What to work on:
Look below for the line containing "Agentes de la" and the line containing "Coronavirus : au", then set down both and every line between them exactly, without pictures.

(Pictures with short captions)
----------------
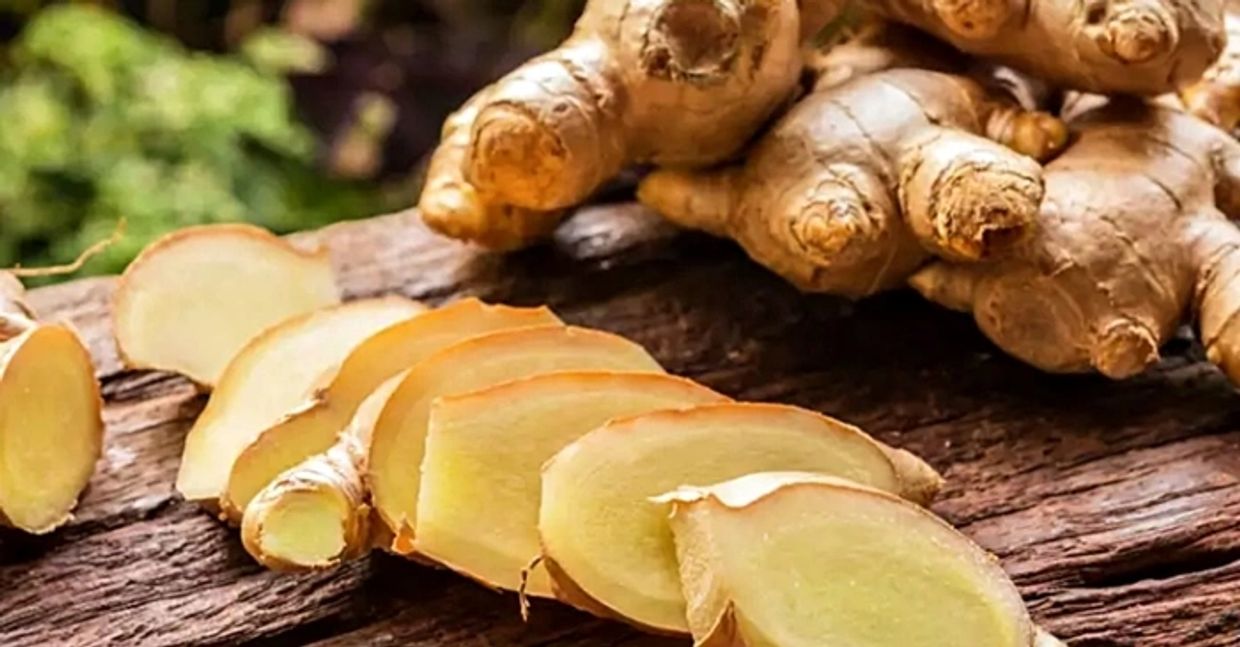 Some roots of Ginger, a popular spice, which contains the bioactive, anti-viral ingredient Gingerol.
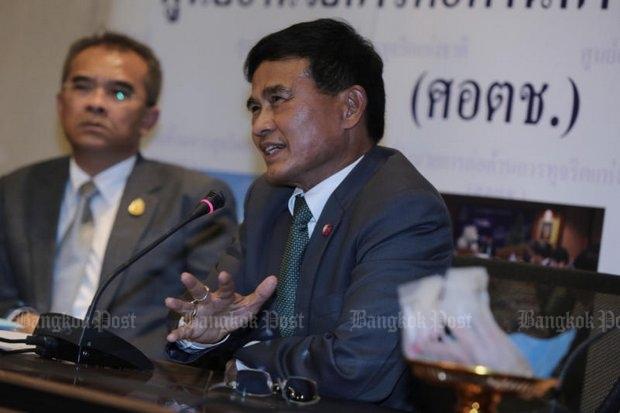 Justice Minister Paiboon Koomchaya (right): 'Don't send drug patients to jail'. (Photo by Pattanapong Hirunard)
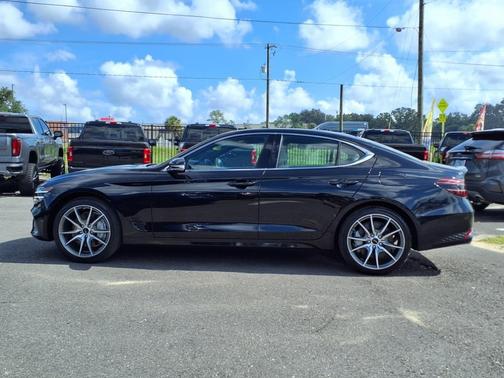 2024 Genesis G70 2.5T RWD
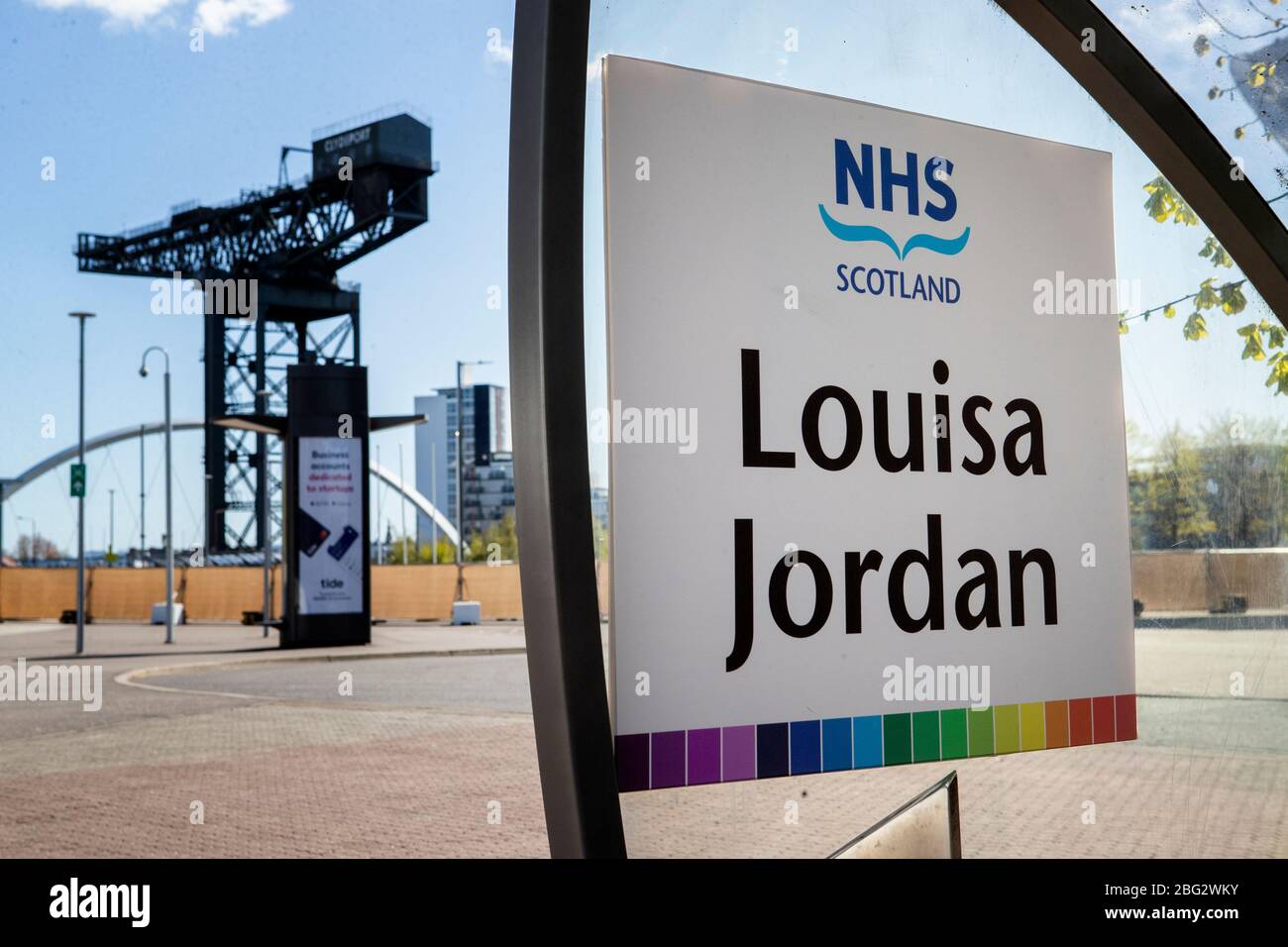 Segnaletica al di fuori dell'ospedale NHS Louisa Jordan, costruito presso il SEC Center di Glasgow, per la cura dei pazienti affetti da coronavirus. Foto Stock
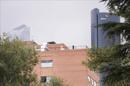 Agentes de la Policía Nacional a las puertas del Hospital Carlos III de Madrid, donde permanece ingresada Teresa Romero, la auxiliar de enfermería contagiada por el virus del ébola, y otras dieciséis personas sin síntomas de contagio están en observación. EFE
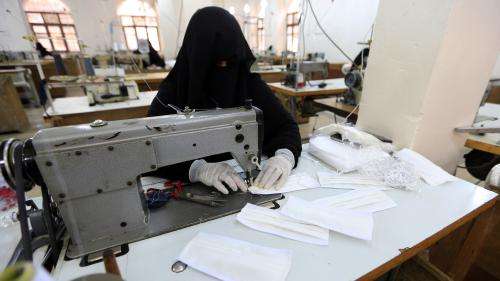 Coronavirus : au Yémen, des femmes fabriquent des masques dans la plus ancienne usine textile du pays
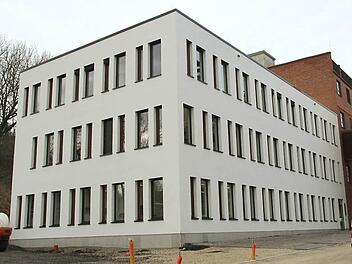 Das neue Gebäude des Instituts für Sensor- und Aktortechnik wird am Donnerstag offiziell in Betrieb genommen. Fotos: Simone Bastian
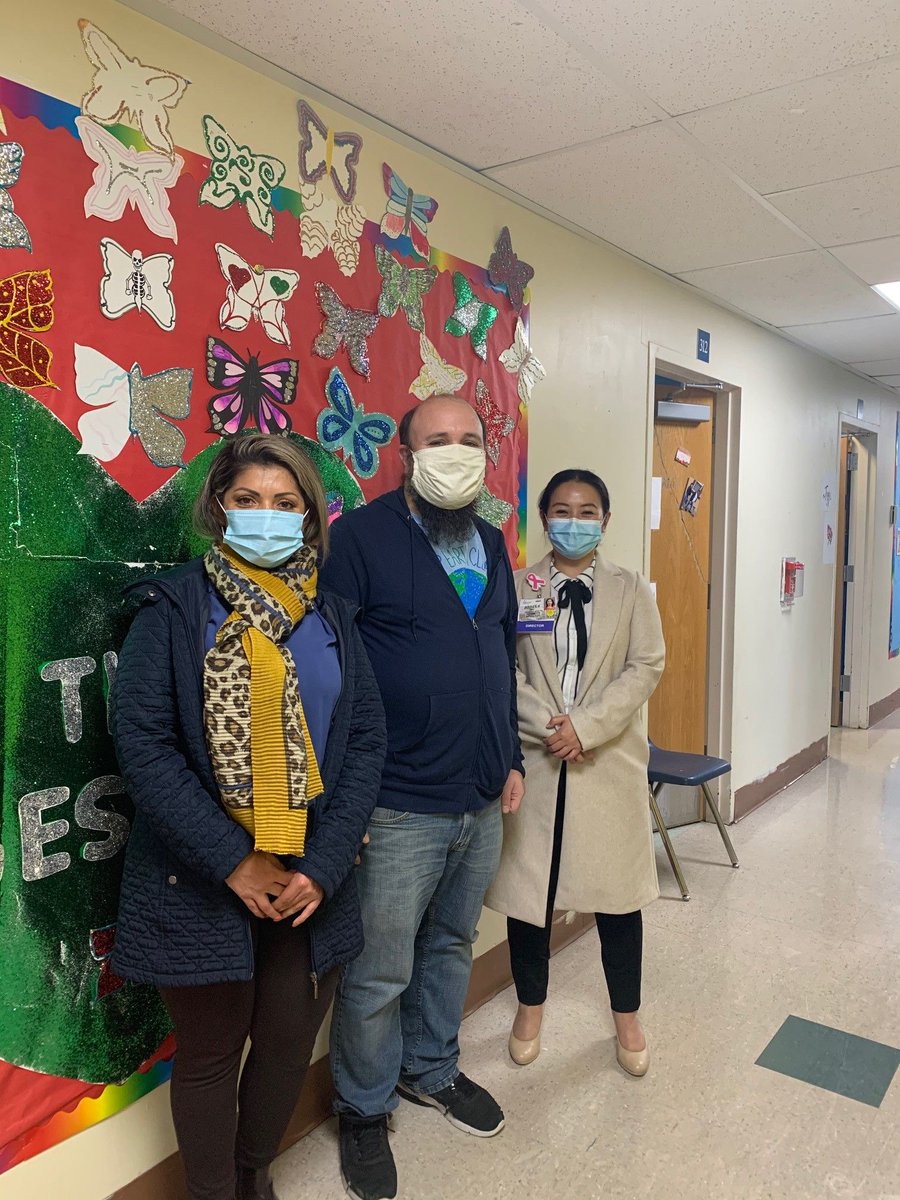trinitas_health's tweet photo. Thank you Edna Perez of #AccessSelfStorage for your generous donation to Trinitas’  Teen Specialty program, which treats children age 13-18 who experienced severe #trauma. Your support will help expand our facilities to help more patients. Thank you again and thanks for visiting! https://t.co/PqnJxx7t5v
----------------
Solved problem:
 Agentes de la Policía Nacional a las puertas del Hospital Carlos III de Madrid, donde permanece ingresada Teresa Romero, la auxiliar de enfermería contagiada por el virus del ébola, y otras dieciséis personas sin síntomas de contagio están en observación. EFE
 Coronavirus : au Yémen, des femmes fabriquent des masques dans la plus ancienne usine textile du pays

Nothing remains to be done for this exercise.